→ DATA TO EXAMINE:

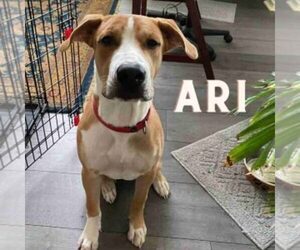 American Pit Bull Terrier-German Shepherd Dog Mix Dogs for adoption in SAN ANTONIO, TX, USA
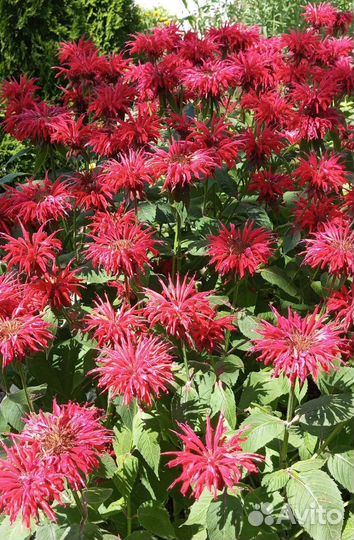 Монарда Скарлет многолетняя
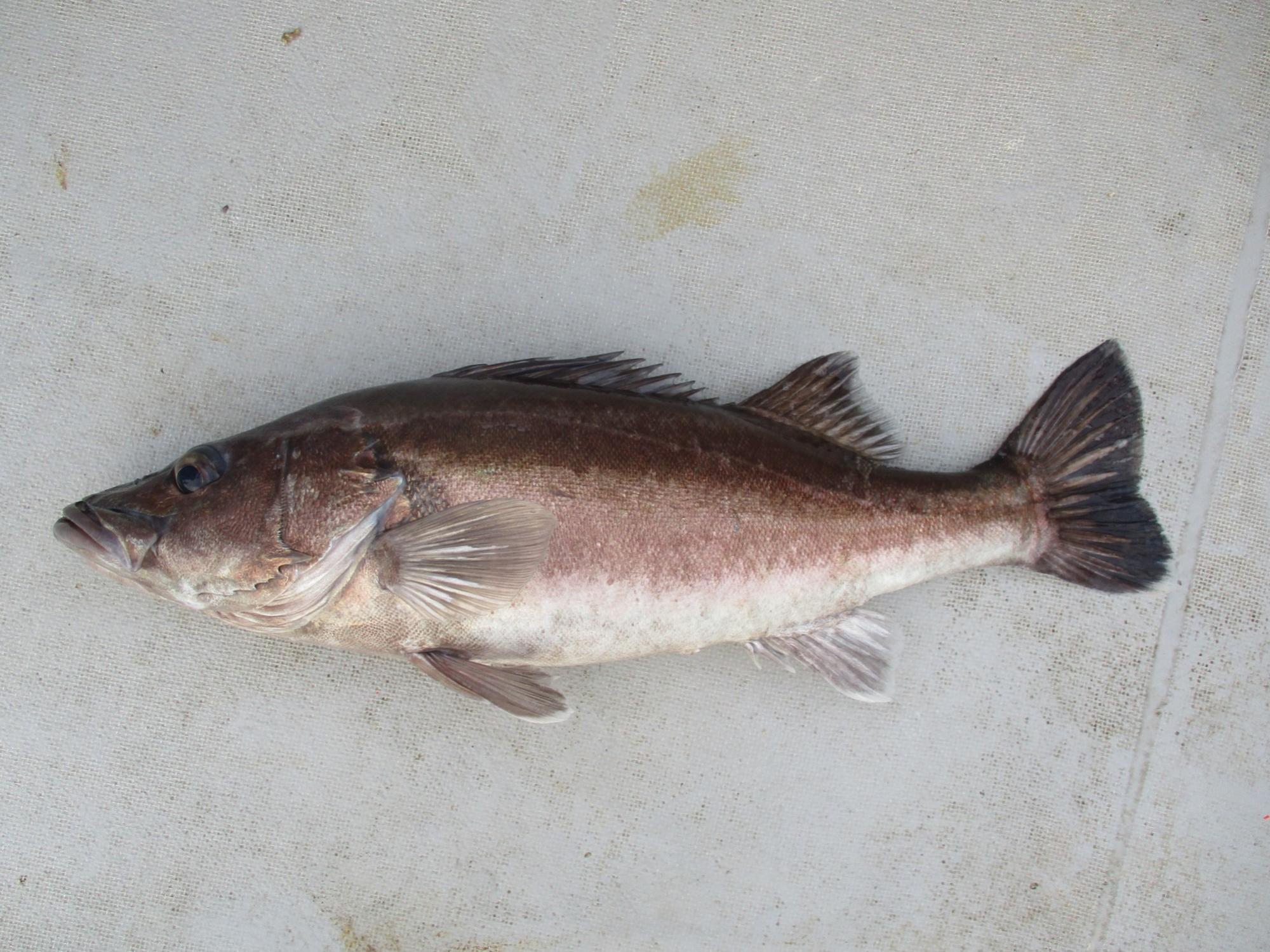 釣り上げた直後のアラ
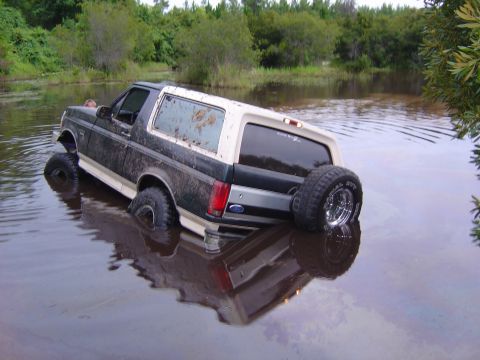 1993 Ford Bronco - A 1993 Ford Bronco is partially submerged in murky water surrounded by vegetation.
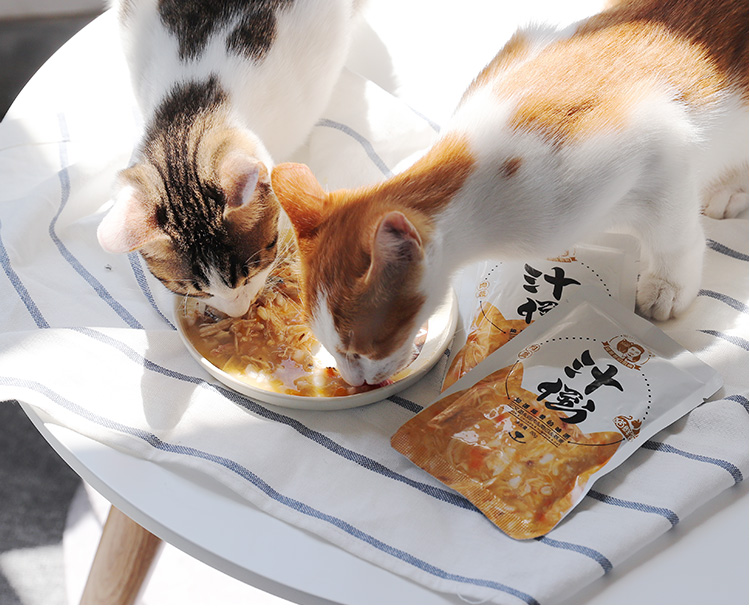 Cat Daddy Juice Pour Thực phẩm dinh dưỡng Fatten Bột Thực phẩm ướt Thịt bò Hương vị tươi Đóng hộp Mèo Snacks 10 Gói Túi Hạt Cateye cho mèo có tốt không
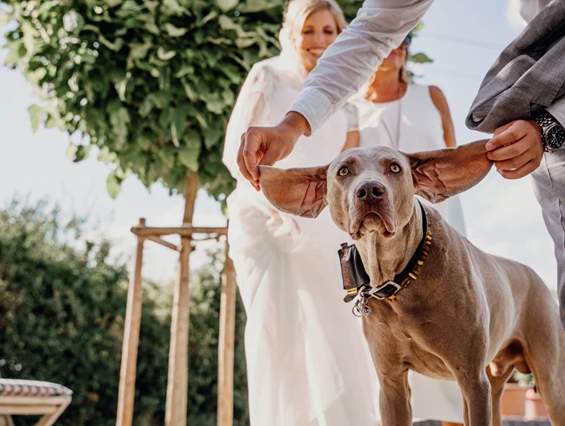 Hochzeit: Weingut FLUHR-ELLER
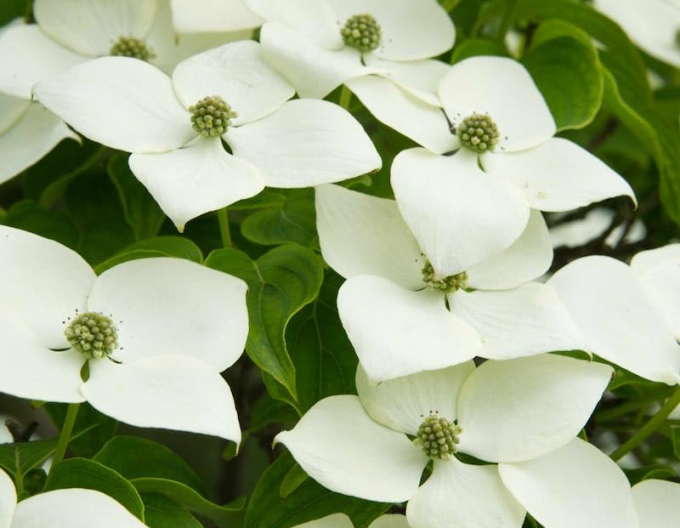 Drieň japonský 160cm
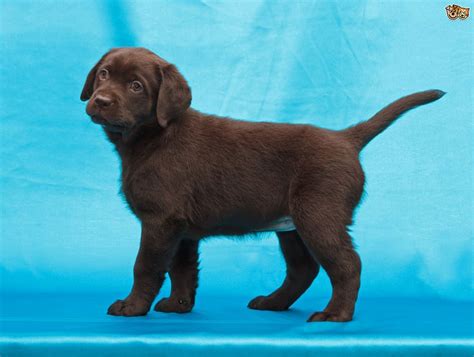 Labrador Retriever Dog Breed | Facts, Highlights & Buying Advice | Pets4Homes | Labrador ...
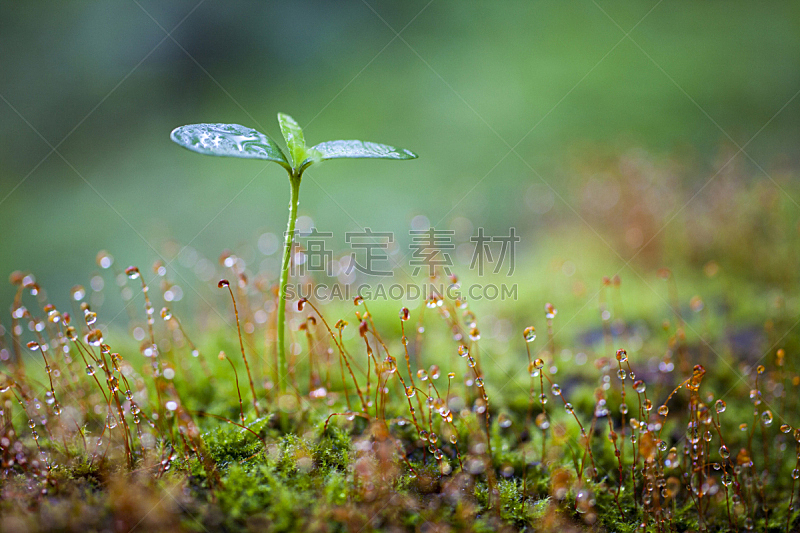 秧苗,绿色,花蕾,露水,栽培植物,雨,种子,森林,新生活,水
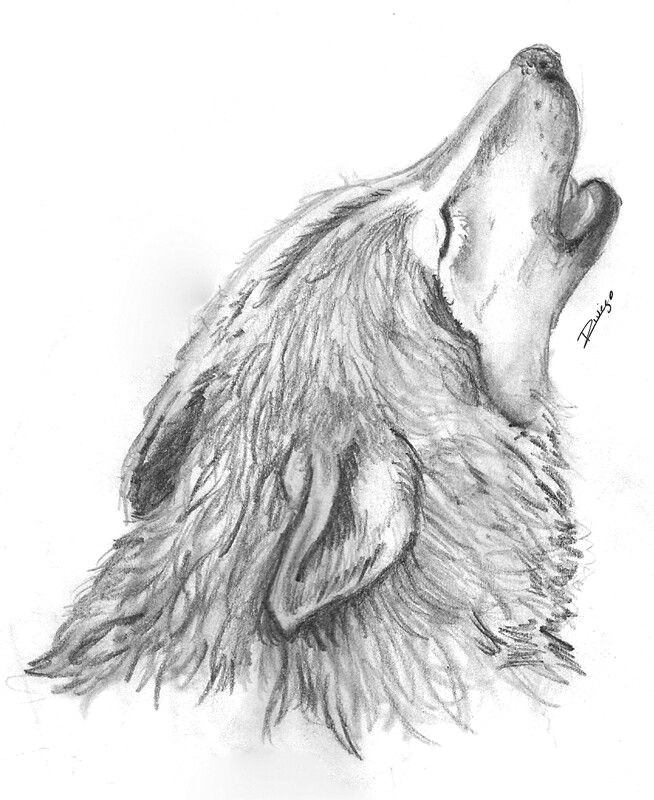 creature drawings animal art wolves wolf drawings art background kunst animaux a wolf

→ AIM OF THE TASK:
Give back exactly the lines from the line with "Монарда Скарлет многолетняя" through the final line of the entries above, and keep pictures out of the copy.

→ OUTPUT FOR THIS EXERCISE:
 Монарда Скарлет многолетняя
 釣り上げた直後のアラ
 1993 Ford Bronco - A 1993 Ford Bronco is partially submerged in murky water surrounded by vegetation.
 Cat Daddy Juice Pour Thực phẩm dinh dưỡng Fatten Bột Thực phẩm ướt Thịt bò Hương vị tươi Đóng hộp Mèo Snacks 10 Gói Túi Hạt Cateye cho mèo có tốt không
 Hochzeit: Weingut FLUHR-ELLER
 Drieň japonský 160cm
 Labrador Retriever Dog Breed | Facts, Highlights & Buying Advice | Pets4Homes | Labrador ...
 秧苗,绿色,花蕾,露水,栽培植物,雨,种子,森林,新生活,水
 creature drawings animal art wolves wolf drawings art background kunst animaux a wolf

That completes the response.